Researchers at the Max Planck Institute for Demographic Research in Rostock, Germany, say life expectancy changes have been so rapid since 1900 that "72 is the new 30" - by that, they mean primitive hunter gatherers had the same odds of dying at age 30 as a modern man in the developed world faces at age 72.


A lot of that is infant mortality rate improvements, though a person who reaches 72 now lives an average of 12 years longer whereas a half century ago the average was 6. Rapid improvement in lifespans are due to antibiotics and vaccines, agricultural efficiency that made food far more available and accessible clean water. Regardless, our definition of healthy aging is changing.
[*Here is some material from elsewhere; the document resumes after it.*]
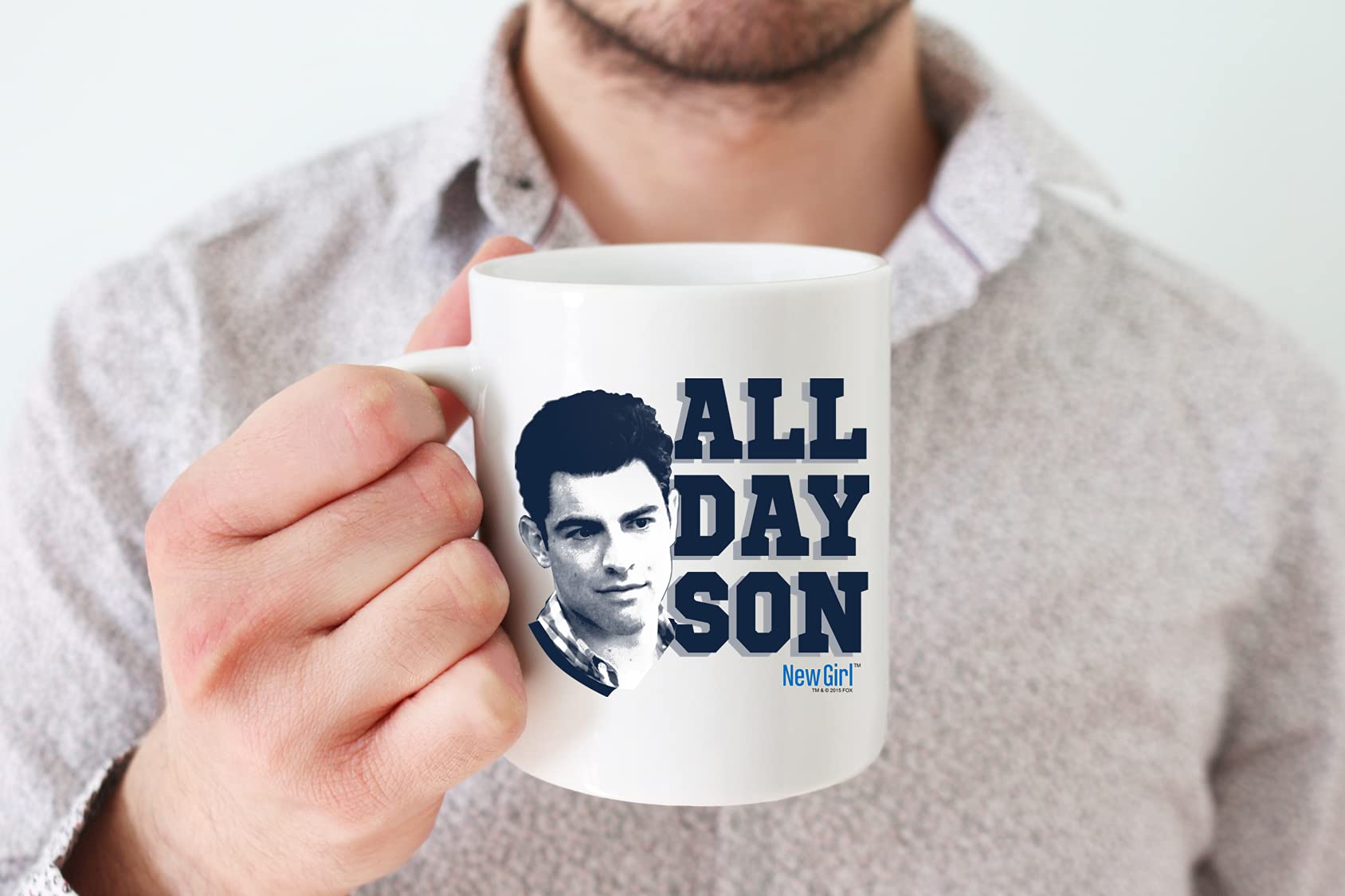 BSM New Girl All Day Son Coffee Mug Cup 11oz Gift TV Merchandise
Hannah O'Rourke, PhD student at the University of Alberta, says terms such as normal or healthy aging are commonly used by health-care professionals to describe or influence how seniors should age. Often they emphasize personal lifestyle choices in staying healthy, such as eating well, staying active and not smoking.
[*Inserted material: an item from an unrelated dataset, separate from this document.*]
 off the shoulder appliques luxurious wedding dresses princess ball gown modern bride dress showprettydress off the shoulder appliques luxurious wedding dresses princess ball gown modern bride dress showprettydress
Chronic disease might be the norm, but doesn't have to be the focus




But those terms can fall short of the experiences of most older Canadians, and how they're used affects how a society views older generations—especially seniors living with chronic diseases such as cancer, diabetes and heart disease, says O'Rourke.

"Normal aging is not something we can easily define," she says. "There are many older adults with chronic disease who report they still enjoy life. When aging is just defined as 'healthy' and 'devoid of disease,' it doesn't leave a place for what to do with all of these older adults who are still aging with chronic illnesses.

"Cures for chronic illnesses are not always around the corner, and health-care teams have patients to care for now. We need to find ways to support older adults with chronic disease to live well according to their own definitions of health and normality."

O'Rourke, a registered nurse whose research focuses on quality of life for people with dementia, points out that many Canadian seniors are well enough to live at home, yet 80 per cent have some form of chronic disease. With that large a majority, putting the onus on individual choices to age successfully sends the wrong message.

"The implication is that if you have a chronic illness as an older adult, you've somehow failed in this goal of aging without chronic disease, which is perhaps not that realistic a goal."



Sound the alarm, a grey wave is here




O'Rourke says much of the policy work, research and teaching about aging also relies on statistics to describe Canada's greying population, such as estimates that, by 2026, one-fifth of the country will be over the age of 65. But those statistics frame aging as a problem to be fixed, she says, and that affects how we view seniors.

McIntyre feels these implications, and not in a positive way.

"When people think of seniors, they think of their limitations instead of their capabilities," she says. "The huge majority of us are doing very well on our own, thank you."

O'Rourke points out that an aging society can also be viewed as a success story because it means the majority of us are living well into our older years.

"Just because something requires resources doesn't necessarily mean it's a huge problem."